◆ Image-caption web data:
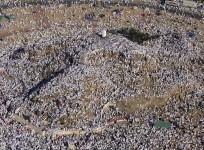 An aerial view of Muslim pilgrims atop Mount Mercy outside Mecca, Saudi Arabia on December 7, 2008. From this hill, the Prophet Muhammad delivered his final sermon nearly 1,400 years ago.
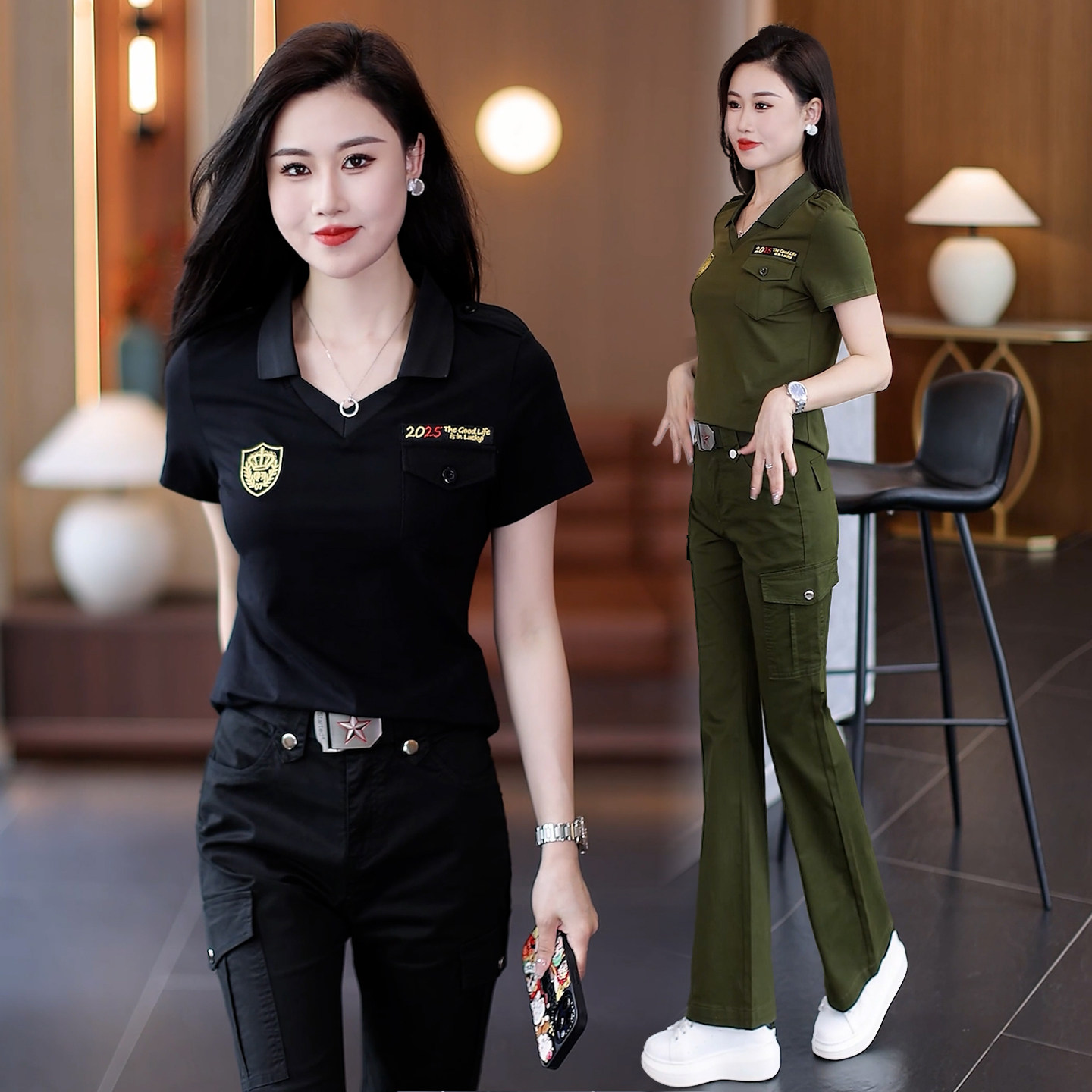 翻领poll上衣女士迷彩服套装军绿色短裤女穿搭百搭运动两件套t恤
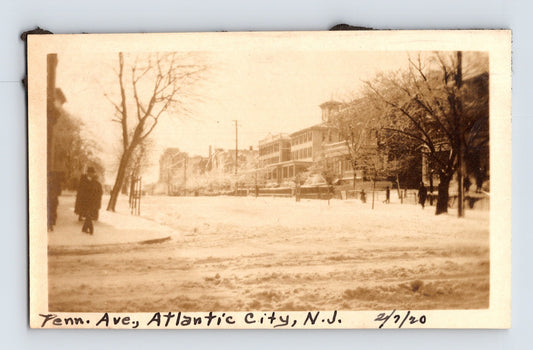 Atlantic City NJ Pennsylvania Avenue Snowstorm Street 1920 Photo - 2.75 x 4.5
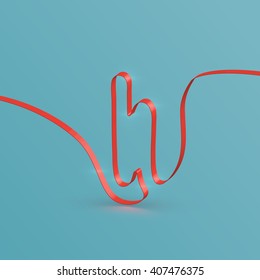 Realistic ribbon font from a typeset, vector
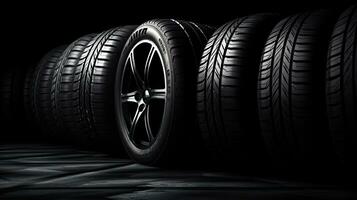 car tires on black background with light and shadow. Generative AI photo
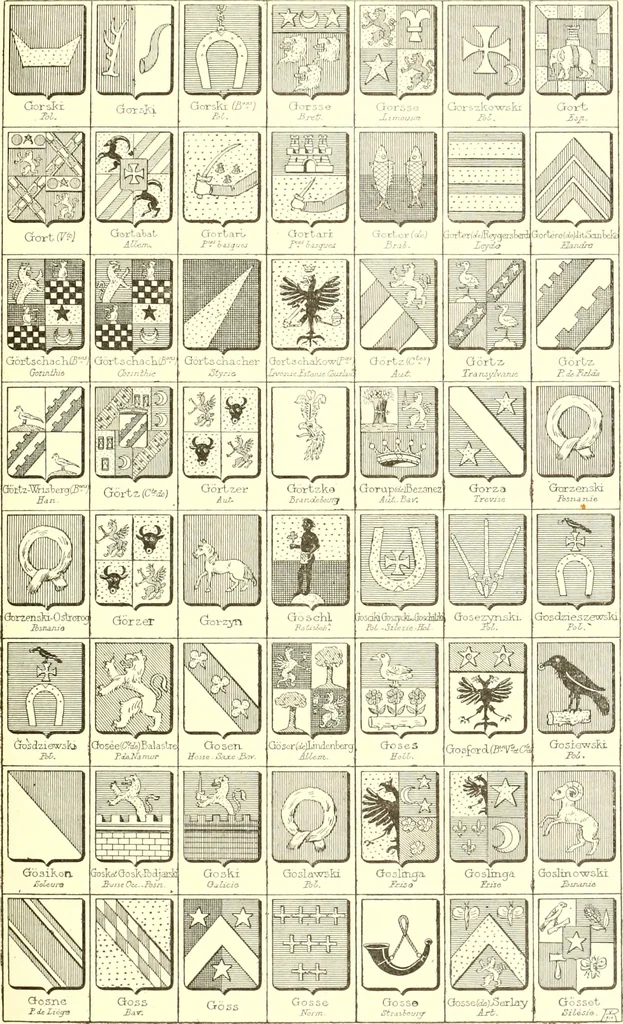 An illustration from Armoiries des familles contenues dans l'Armorial général de J.B. Rieststap [sic], 1903, leaf 150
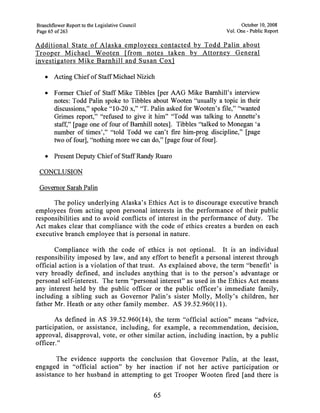 Sarah Palin Troopergate Report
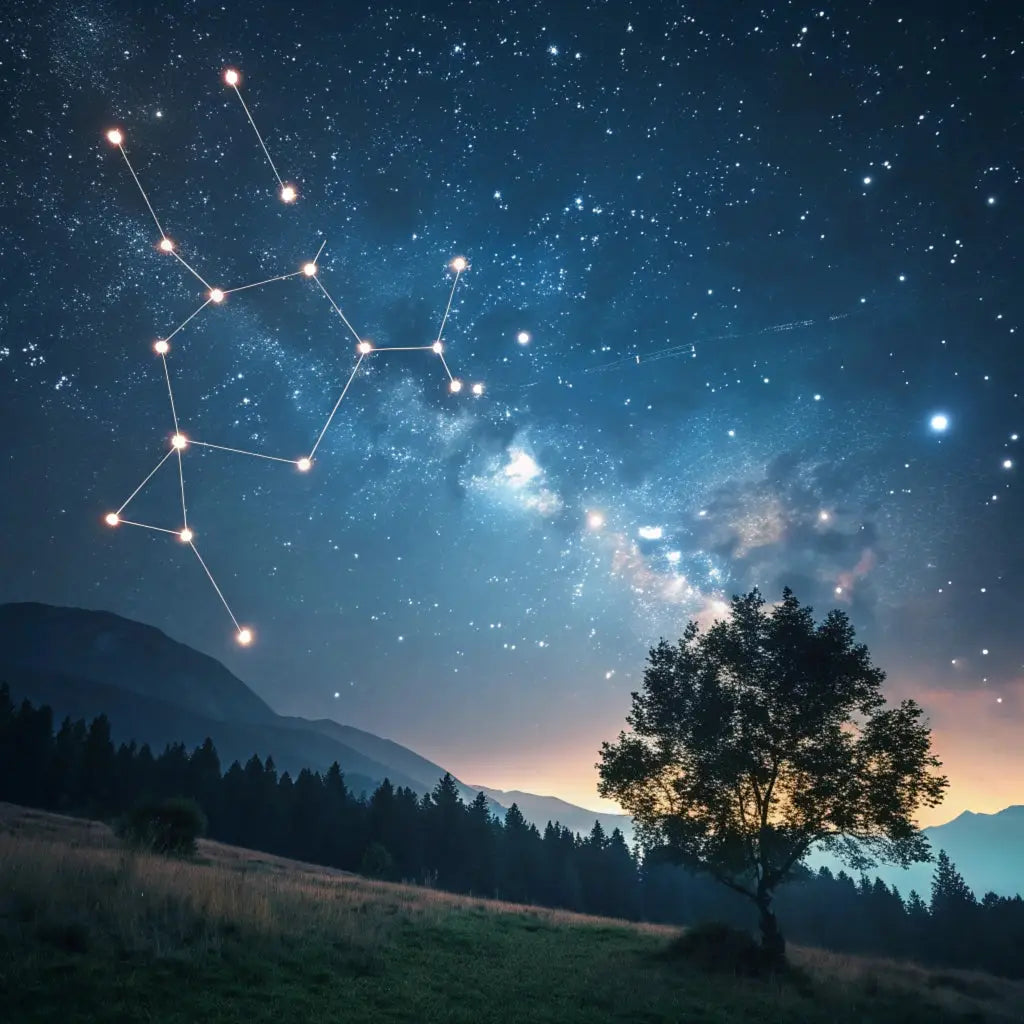 Serene nighttime scene featuring a clear starry sky with a prominent constellation shining brightly, set against a peaceful landscape with subtle silhouettes of trees and hills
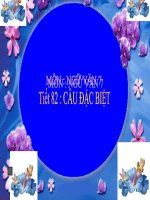 Bài giảng ngữ văn 7 bài 20 câu đặc biệt 6 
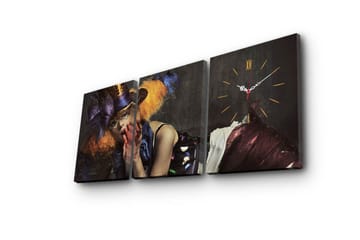 Dekorativ Canvasmålning med Klocka 3 Delar - Flerfärgad - Inredning - Väggdekor - Väggklocka & väggur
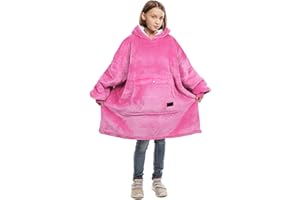Catalonia Blanket Hoodie for Kids, Oversized Wearable Sherpa Sweatshirt Pullover for Teens Youth, Gift Idea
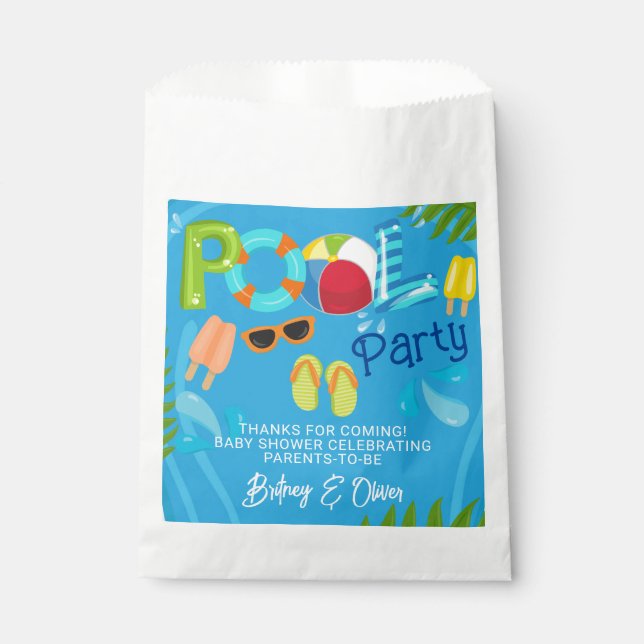 Bolsa De Papel Fiesta de billar Summer Boy Baby Shower (Anverso)
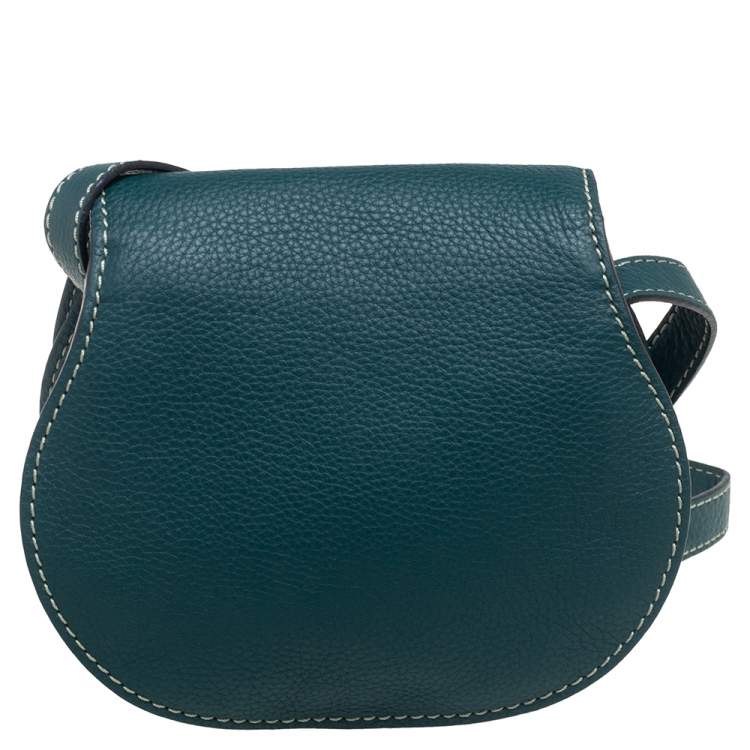Pre Owned Chloe Green Leather Mini Marcie Crossbody Bag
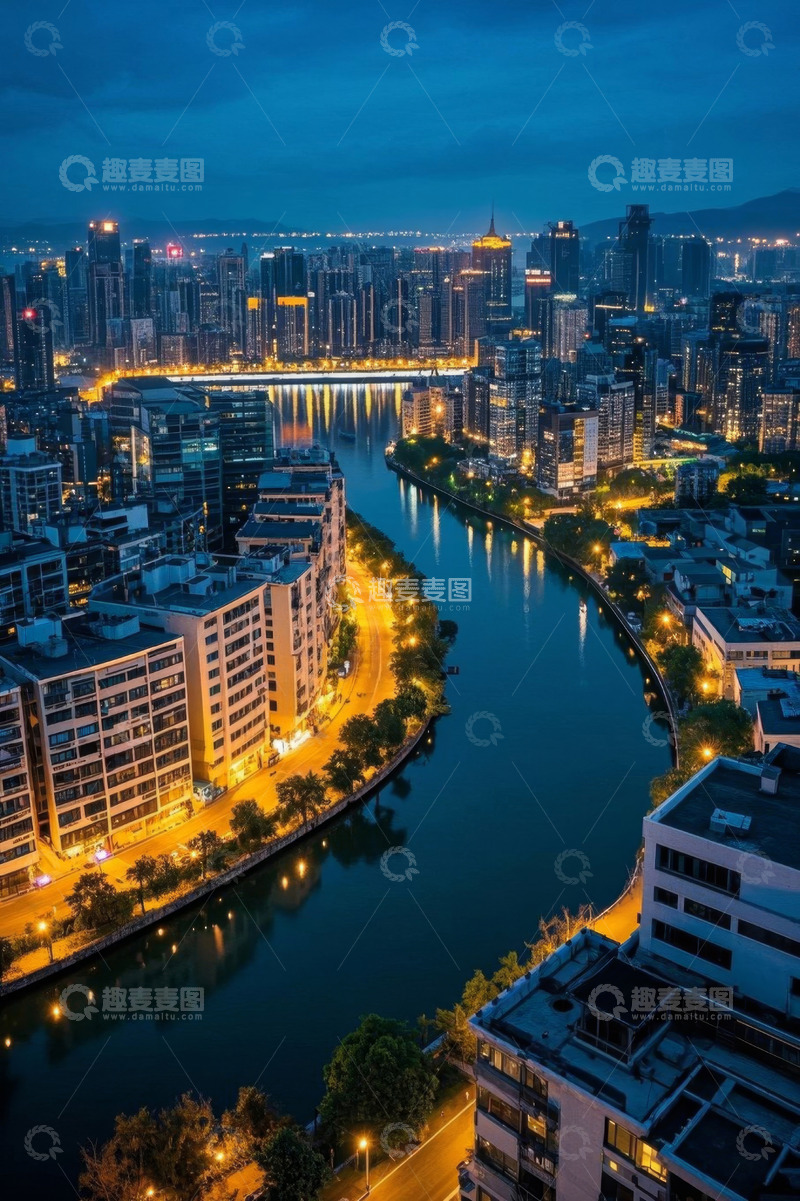 高清大图下载【趣麦麦图】城市河流夜景俯瞰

◆ Task instructions:
Starting at the line above with "Atlantic City NJ", output every line exactly up to and including the line with "Sarah Palin Troopergate Report", but none of the pictures.

◆ Output of the exercise:
 Atlantic City NJ Pennsylvania Avenue Snowstorm Street 1920 Photo - 2.75 x 4.5
 Realistic ribbon font from a typeset, vector
 car tires on black background with light and shadow. Generative AI photo
 An illustration from Armoiries des familles contenues dans l'Armorial général de J.B. Rieststap [sic], 1903, leaf 150
 Sarah Palin Troopergate Report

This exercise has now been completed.